Whenever a line below includes "Drive", add it to the tally, then give the total and nothing more.

Dataset content →
####################
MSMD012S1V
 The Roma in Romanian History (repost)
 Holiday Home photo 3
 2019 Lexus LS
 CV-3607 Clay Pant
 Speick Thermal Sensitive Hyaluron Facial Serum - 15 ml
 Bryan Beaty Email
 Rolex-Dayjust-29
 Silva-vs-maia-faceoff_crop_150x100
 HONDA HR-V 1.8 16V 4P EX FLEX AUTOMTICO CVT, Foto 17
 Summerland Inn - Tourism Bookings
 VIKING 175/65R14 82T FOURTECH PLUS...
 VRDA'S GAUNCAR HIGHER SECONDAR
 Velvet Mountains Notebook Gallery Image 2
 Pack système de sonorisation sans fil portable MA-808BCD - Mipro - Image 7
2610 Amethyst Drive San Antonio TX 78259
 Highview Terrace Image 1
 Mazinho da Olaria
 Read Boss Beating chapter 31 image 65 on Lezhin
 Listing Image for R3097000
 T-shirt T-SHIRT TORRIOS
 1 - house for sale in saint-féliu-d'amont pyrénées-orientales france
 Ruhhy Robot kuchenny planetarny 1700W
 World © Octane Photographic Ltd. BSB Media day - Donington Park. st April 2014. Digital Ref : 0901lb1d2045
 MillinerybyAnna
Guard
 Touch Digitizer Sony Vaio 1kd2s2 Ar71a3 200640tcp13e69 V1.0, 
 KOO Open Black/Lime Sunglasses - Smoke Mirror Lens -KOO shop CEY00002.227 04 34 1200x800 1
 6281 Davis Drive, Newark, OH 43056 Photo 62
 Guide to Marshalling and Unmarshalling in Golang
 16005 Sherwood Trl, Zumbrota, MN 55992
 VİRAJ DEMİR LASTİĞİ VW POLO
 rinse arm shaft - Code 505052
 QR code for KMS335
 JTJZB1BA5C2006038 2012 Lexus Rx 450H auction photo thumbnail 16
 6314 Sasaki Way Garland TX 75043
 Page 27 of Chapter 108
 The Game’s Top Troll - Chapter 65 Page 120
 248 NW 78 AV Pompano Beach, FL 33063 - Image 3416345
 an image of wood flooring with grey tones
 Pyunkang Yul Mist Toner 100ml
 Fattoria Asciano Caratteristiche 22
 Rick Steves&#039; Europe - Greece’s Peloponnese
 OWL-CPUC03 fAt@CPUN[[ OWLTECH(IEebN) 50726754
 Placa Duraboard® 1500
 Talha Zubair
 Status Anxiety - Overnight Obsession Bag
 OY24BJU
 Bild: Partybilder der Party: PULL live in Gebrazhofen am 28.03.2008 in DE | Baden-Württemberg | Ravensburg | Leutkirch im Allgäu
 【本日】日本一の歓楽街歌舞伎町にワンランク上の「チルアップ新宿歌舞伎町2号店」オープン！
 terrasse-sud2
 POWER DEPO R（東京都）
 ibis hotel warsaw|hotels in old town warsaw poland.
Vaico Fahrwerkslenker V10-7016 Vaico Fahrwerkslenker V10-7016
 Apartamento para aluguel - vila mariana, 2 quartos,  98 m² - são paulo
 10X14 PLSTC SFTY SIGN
####################
Response for this exercise →
2